Yet, with my eye looking through the viewfinder, a different part of my brain engages. I saw that my daughter would scratch her vault before she made the decision. (The coaches asked her. She’d been planning on rocking it. Life is what happens when you’re making other plans.) I can explain it with just the one picture, and when I showed it to her, she agreed. It felt different to her, and she scratched it (meaning she didn’t compete that event) because it felt all wrong and she was afraid she would not be able to hold onto the table or hurt herself on the way over.

Because I was in the parent gallery, I couldn’t hear the coaches when they spoke to her. I didn’t know they asked her how she felt about it, and offered the spot (a hand in the right spot as she performs) if she wanted to take it. She’s got some good coaches, and I’m really glad they’re there.

I haven’t taken so many pictures for a long time. I don’t really like to do it with my phone. There’s lag time and it just won’t do what the DSLR will. And that camera is just fun to play with. I enjoy figuring out the different settings. Except some of them have flash, and I can’t take flash photos at a meet.

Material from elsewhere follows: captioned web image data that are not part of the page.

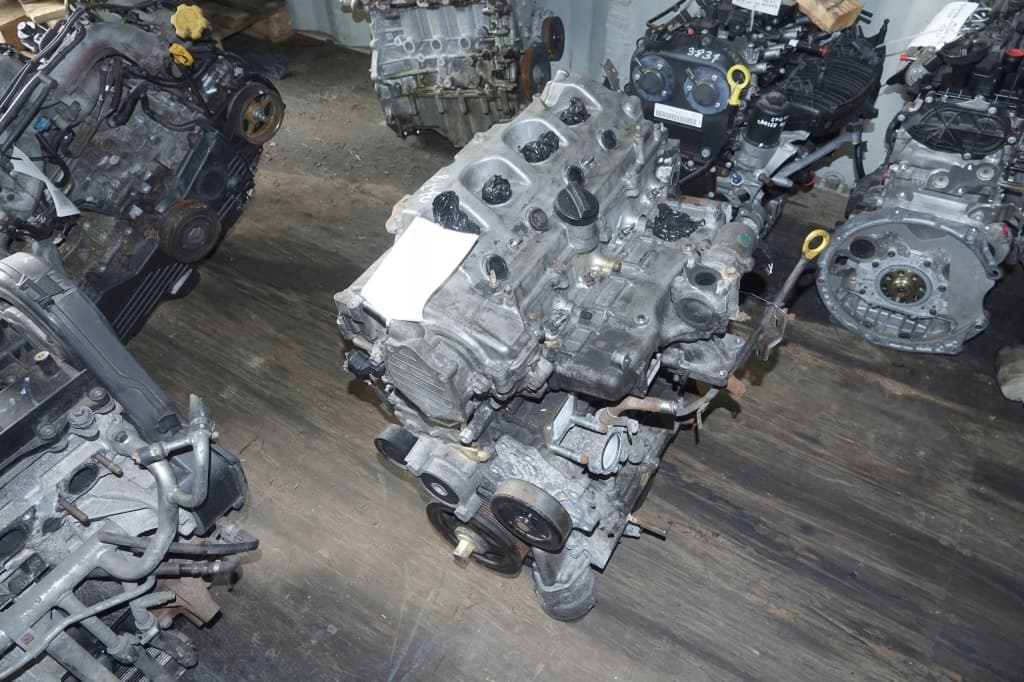 Moteur 2AD-FTV — vue 2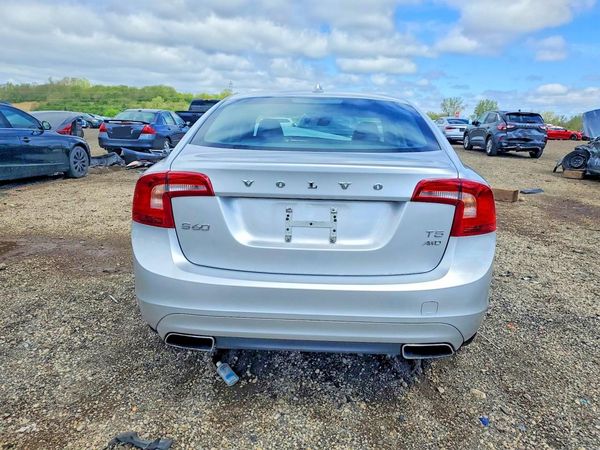 2016 VOLVO S60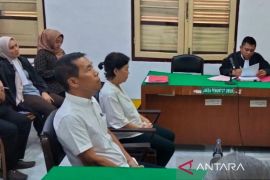 Hakim vonis lepas pasutri palsukan tanda tangan direktur perusahaan dengan kerugian Rp583 miliar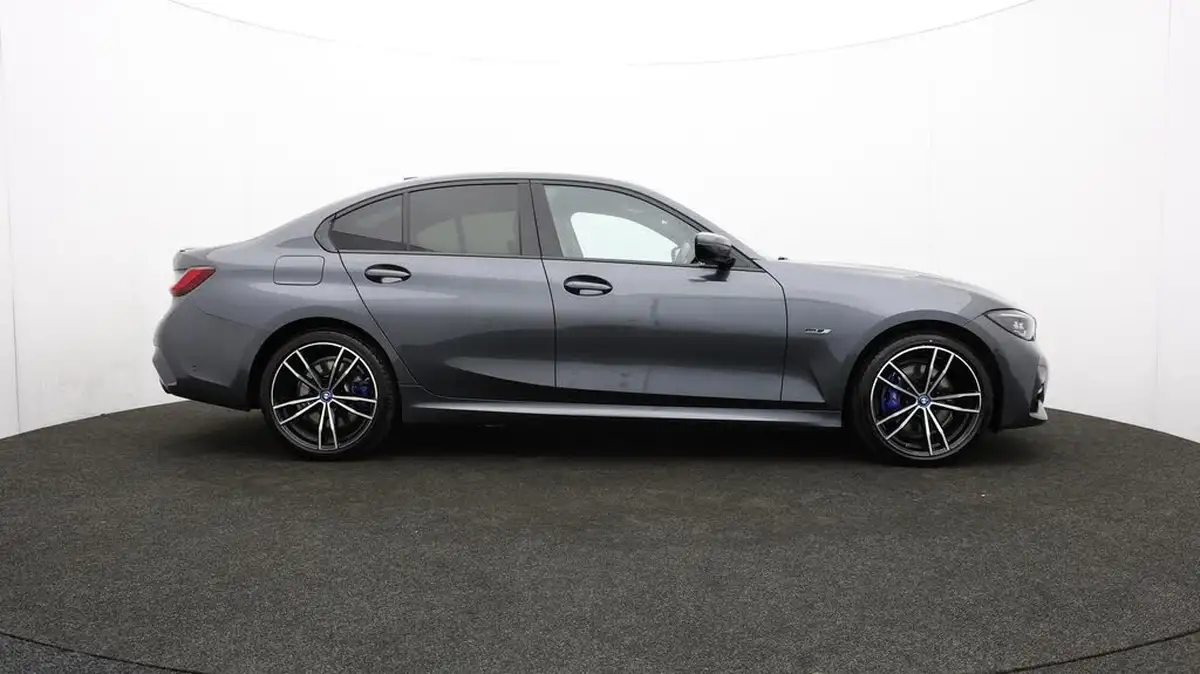 2022-bmw-3-series-20-330e-m-sport-pro-pack-saloon-4d-big-34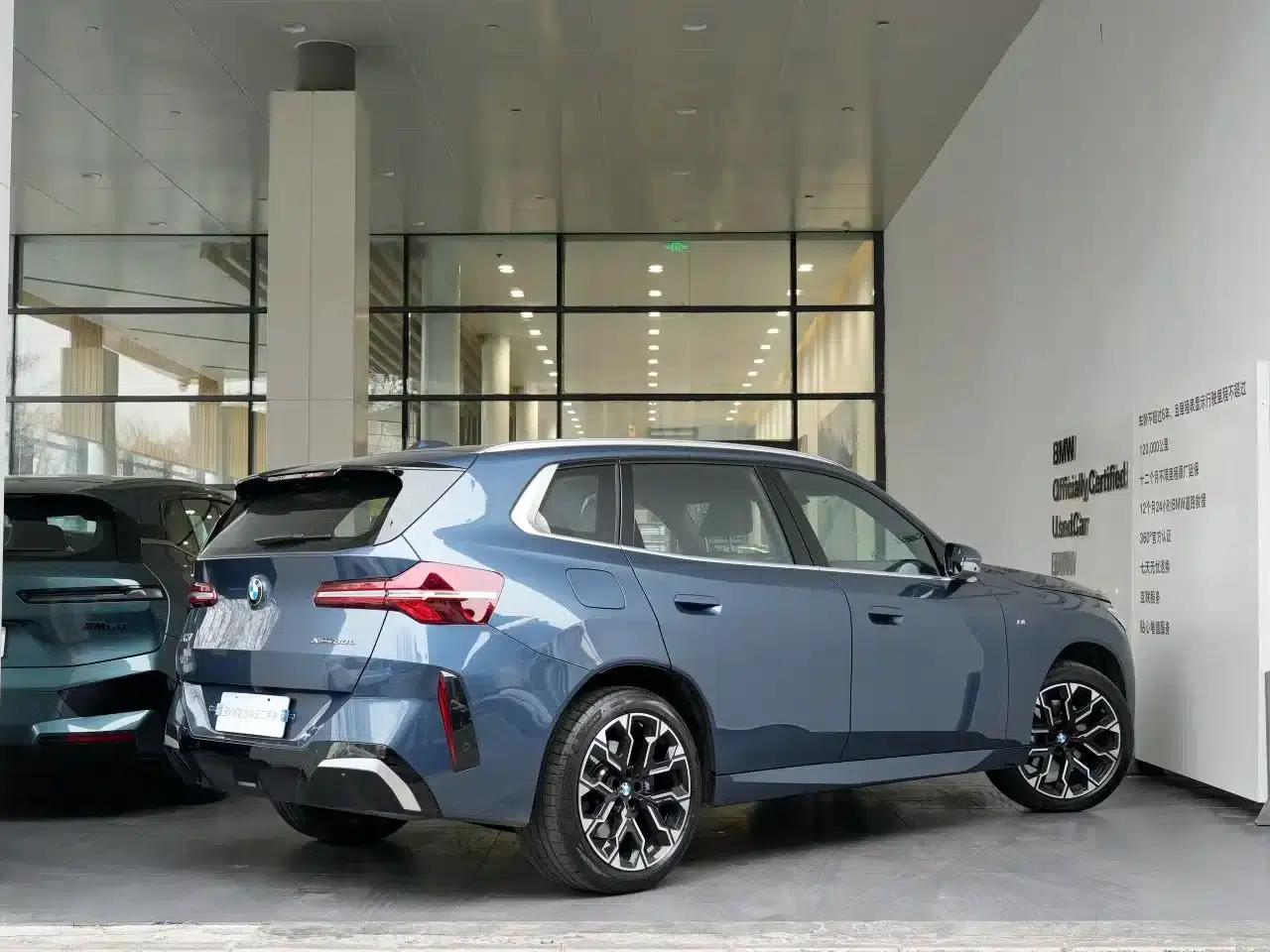 BMW X3 2025 xDrive30L Luxury M Sport Package — миниатюра 3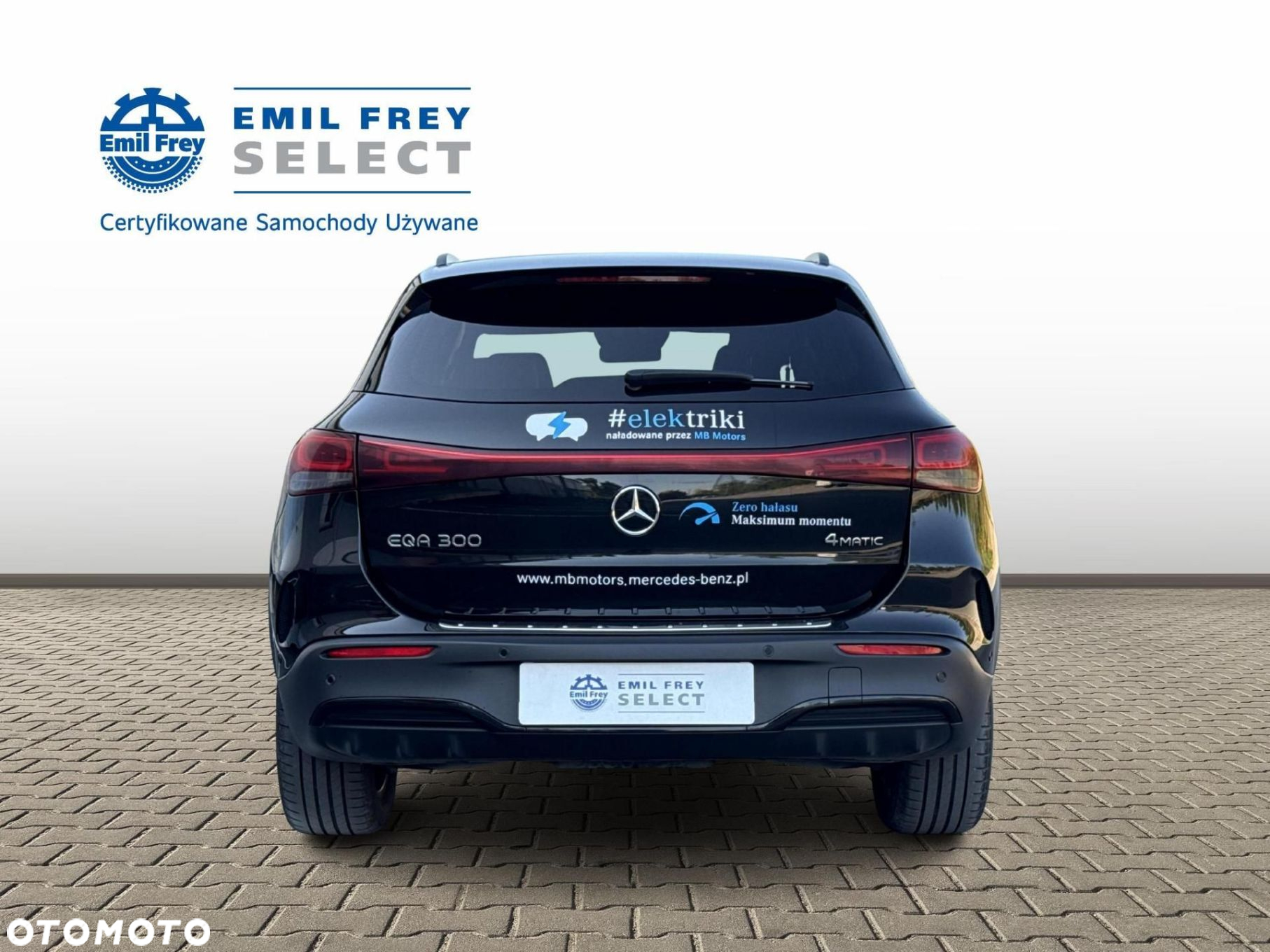 Mercedes-Benz EQA 300 66.5kWh 4-Matic AMG Line - 4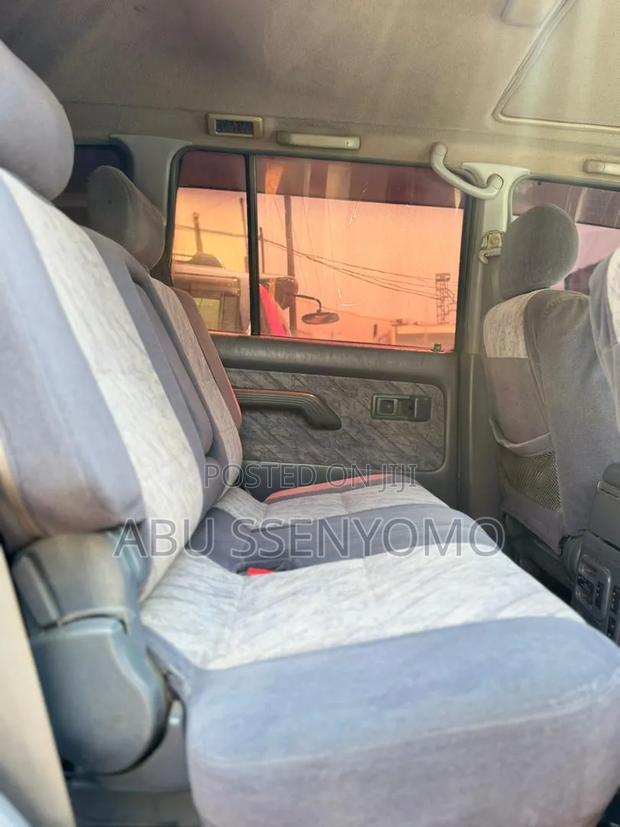 Toyota Land Cruiser Prado 1999 Green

In college, I would look at pictures in my head and try to describe them with words. Sometimes it takes less than a thousand. Sometimes it takes more. It depends on if I need something specific to come through, or if this is part of the backdrop for the entire story. When I was younger, as soon as I got my first camera, I took pictures. With film. And I had to wait to develop it. Sometimes I developed them myself in art class, because i loved taking pictures.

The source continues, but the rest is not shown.